NZALPA's video...............influenced many people until they actually have first hand knowledge of how the system works.
Would that include shredding documents in the navigation department, coercing people to have memory lapses, tow the company line testimony whilst under oath and altering CVR content to suit the establishment? Just to name a few. Is that
“how the system works” in your world prospector?

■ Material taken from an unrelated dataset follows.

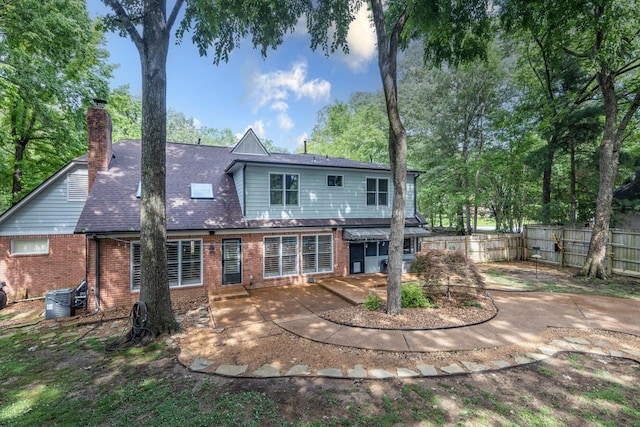 1625 Autumn Tree Cv, Memphis, TN 38016 - rear view of property featuring brick siding, a patio, a chimney, and central air condition unit
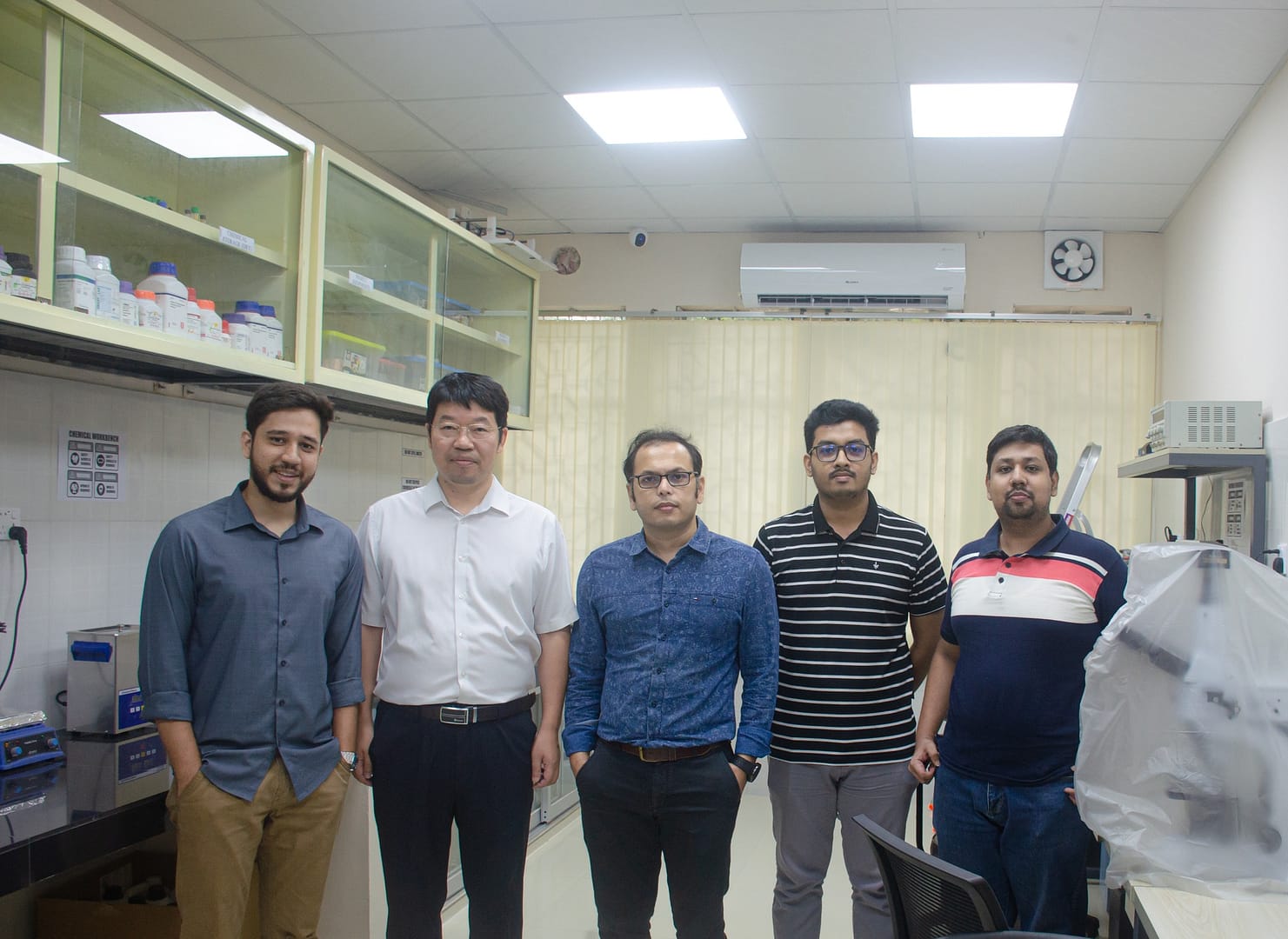 Wei Liu Chairman of the Professorial Committee School of Integrated Circuits Wuhan University visited our Lab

As for your reference about Mahon’s aviation experience. As with most of your arguments on this thread, you seem to think the more aviation experience a person has, the more he is qualified to speak on this subject. Wrong, wrong, wrong again. Using your logic, if that was true, they would have appointed an aviation expert to head the Erebus Inquiry. Muldoon thought Mahon would know “how the system works” and would find in Air NZ and his government’s favour. Alas, they miscalculated Justice Mahon’s
integrity (staying true to his moral and ethical principles),
initiative (his proactive, resourceful and persistent approach to the accident) and his
inclusion (by embracing and valuing the perspectives and contributions of all during the testimonies and investigations).

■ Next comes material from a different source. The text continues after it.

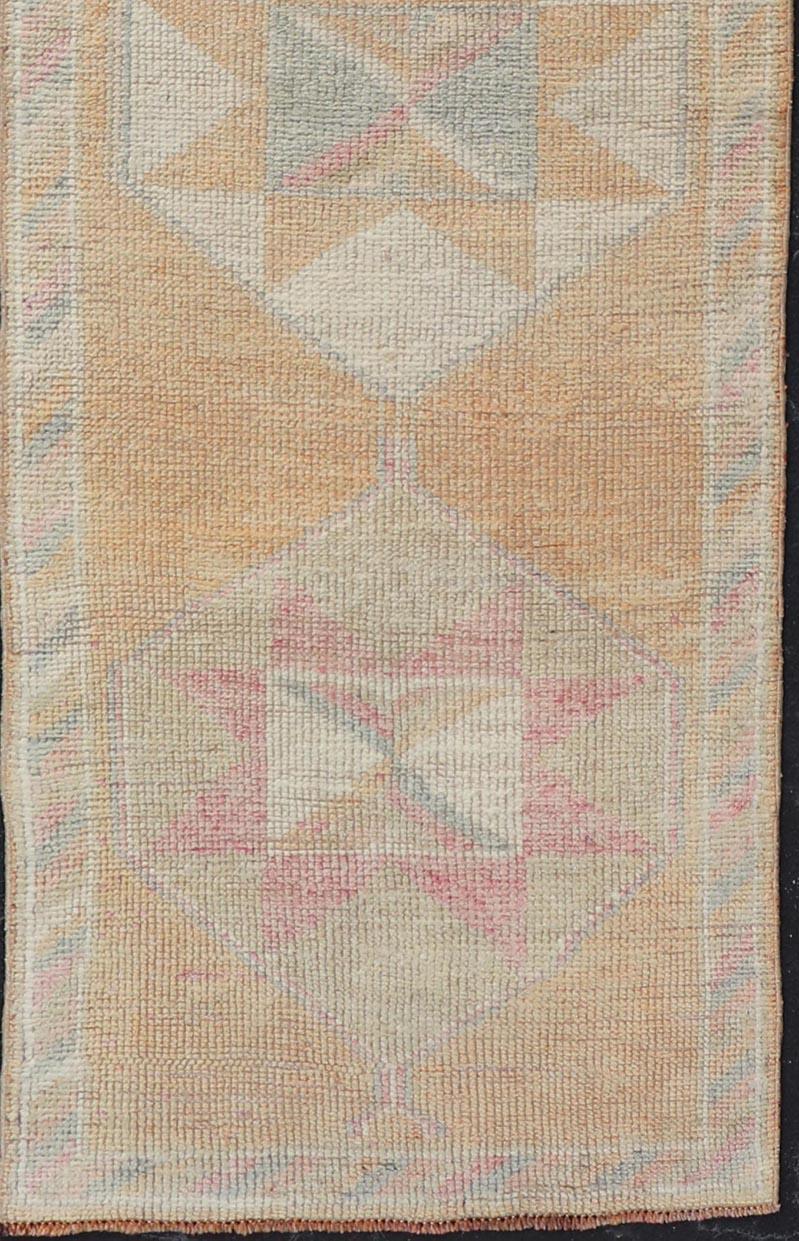 Measures: 2'9 x 12'0 

This very unique Oushak is uncommon in its design, from the bright and creamy orange background to the angular and sharp medallions centered in the field. Accent colors include muted shades of pink, blue, and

Mahon never needed any aviation experience,
he knew very well how the system worked.
Finally, prospector, if as you attest,” the Mahon report has been shown to be
incorrect in many important details, by many of his peers in the legal world, and definitely by many
people who have a great deal of aeronautical experience”.
Why did the following occur:
In 1999 the Minister of Transport, Maurice Williamson, who worked at Air New Zealand as a corporate planner at the time of the crash, tabled the Mahon report in Parliament. Williamson
argued that the time for apportioning blame was over and that he was tabling it because 'of the lessons it taught'.
On 23 October 2009
Air New Zealand CEO Rob Fyfe apologised to those affected by the tragedy for Air New Zealand's failures and for its treatment of families of the victims.
The controversy of Justice Mahon’s opinions aside, his report is most notable for its groundbreaking allocation of culpability to organisational failure. (Paragraph 393. Mahon report) This kind of conclusion was somewhat revolutionary in 1981, as identified in the chapter entitled “Erebus and Beyond” in the book Beyond Aviation Human Factors.